I’m not sure what to add anymore. I guess just the fact that I’m still getting anxiety or that this vacation reminds me of the past two years ago. The monsters of my past keep on haunting me and now I felt like this heaviness in my chest won’t go away. I guess this is how I’m gonna live this life — forever anxious, of anything that I could think of. My mind will always find something that will make me feel anxious. This mind won’t let me be at peace. I will always be bombarded with insecurities, fear and doubt. In return, it’s hard to live life. It’s hard to be at ease. But what can I do? I guess this runs in the blood. Both my parents are worrier and anxious. Maybe it’s a generational thing. Which is why I’m fascinated to meet people who are the opposite me, who sees life through rose-colored lens. These people who has simple dreams in life and is hardworking enough to make those dreams into reality. While I’m here, sluggish, passive and just living life day by day. They say I’m smart. But I’m just book smart. I just feel too much. I’m a person who tries to analyze things but is not the one to execute it. I’m still thankful where life is leading me.

I’m slowly in my quest of accepting myself. But I guess it’s gonna be a life-long process. I wonder if I already changed, which I think I am. I feel like I’m not the same person that I was years ago. How melancholic is it that I haven’t said goodbye to those versions of mine that is not there anymore. Or do I really changed? Or deep within is still the immature, indecisive me? How funny is it that even though I’ve went to different places I still am going back to the same place of anxiety and fear. I guess I need to relocate now. I need to live life somewhere else, not going back to my hometown. I need to go to a different place where memories of my past won’t haunt me down. I feel like my previous bad energy is lurking in this house that whenever I stay here, it consumes my system. I feel like if I’m here I will always go back to square one. And I don’t want that to happen anymore. I don’t wanna go back to that side of me that feels like a loser or inconsequential. I wanted change, a plot twist in this season of my life that I’m in. I want to move somewhere else. I want a different place which I can consider home. Universe, can you make that happen please? Higher being, can you make that happen please? God, can you make that happen please? Remove the roadblocks along the way. Remove the roadblocks that is in me that which is preventing me to reach my full potential, or to be in the place which I ought to be. Relocating to a different country? Bring it on! I hope to live in a different country. That has always been a dream of mine. To live and grow old in a place that is not the house in which I grew up. Let me live a different kind of life now. Let me go somewhere else that I can consider as home. This is a new dream of mine. To live somewhere else, to have a job that sustains my lifestyle, to go somewhere else away from the struggles of commuting (commuting is hell in Manila), somewhere safe and peaceful. (Maybe Canada or New Zealand?) Let me still work in the ship to fund this dream of mine and let me go somewhere else now. To start a brand new chapter of my life. This… is a new dream of mine. Let my wings fly. Let me be a full-grown butterfly.

Soulful Sundays I

The date is October 22, 2023. It’s 3:03 in the afternoon. My anxiety is slowly eating up my system once again. Six months from now and I’m gonna exit this twentysomething life of mine. As someone who’s always been in tune with my emotions (especially the negative ones), I am fascinated whenever I see old entries of mine that I wrote, particularly those that are written during the height of my emotions — my insecurities, doubts, aspirations about life. I stumbled upon this website where I wrote fragments of my life. This blog is a big part of my twenties. And so I decided maybe I should write again. I am not as good of a writer now than before, coz heck how did all those word came out of this tiny brain of mine? There might be more grammar errors than ever but I guess it’s still alright? Maybe let’s try to continue writing here to complete this ode to my 20s. I’m actually thinking what should I do to celebrate my 30th life here on earth. Maybe this is one of those — to start writing again before I completely end my twenties’ season.

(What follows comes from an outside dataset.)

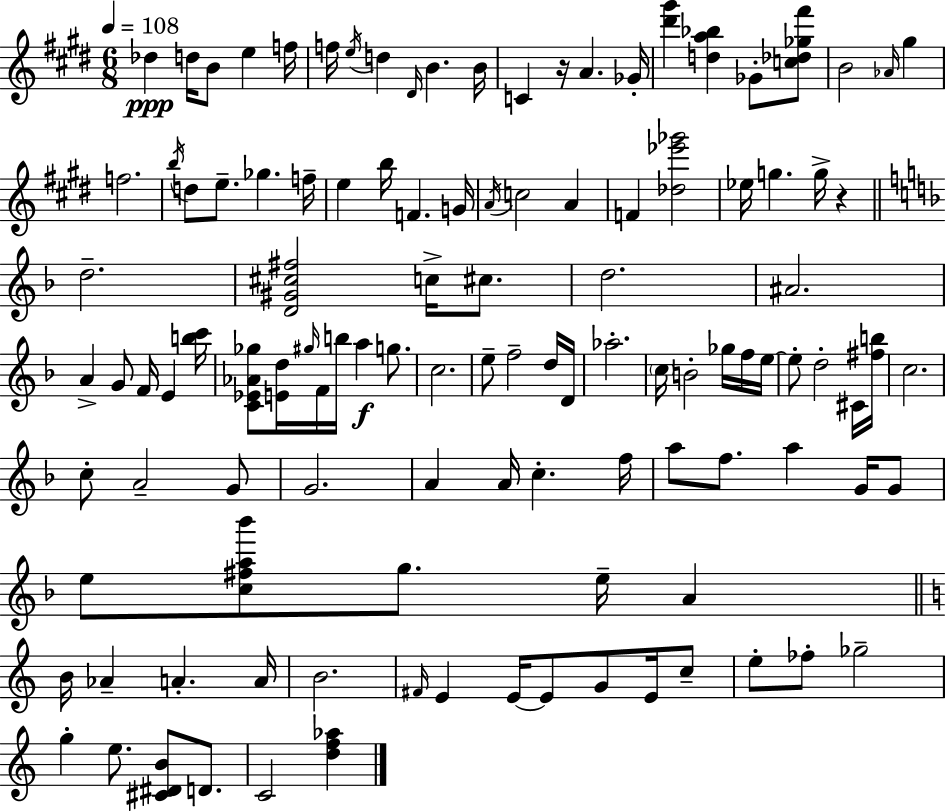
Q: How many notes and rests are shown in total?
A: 114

If you (a non-existent reader) happen to read entries in this blog, please don’t be misunderstood. For I wrote all my agonies and frustrations in life here, but that’s not to say all I had in life was downfall one after the other. I also had series of breakthroughs. Throughout my 20s, I was able to land a job where I can travel the world and bring out the child in me as part of the job requirement. Though I must say to get there was never an easy journey. Lots of problems with my documents, a world pandemic and a whole lotta more. And maybe that is why all those fears keep on resurfacing as I enter my “renewal of documents” season once again. There’s no problem with my employer. The problem is with my documents–my medical, training, my US Visa (which took a big toll in my life, the trauma it gave me is nothing but chaos in my heart). And now that’s what boggles me, what if same scenario happened again? What if the universe is trying to reroute my life’s direction again? If this all happen once again, how will I handle the aftermath?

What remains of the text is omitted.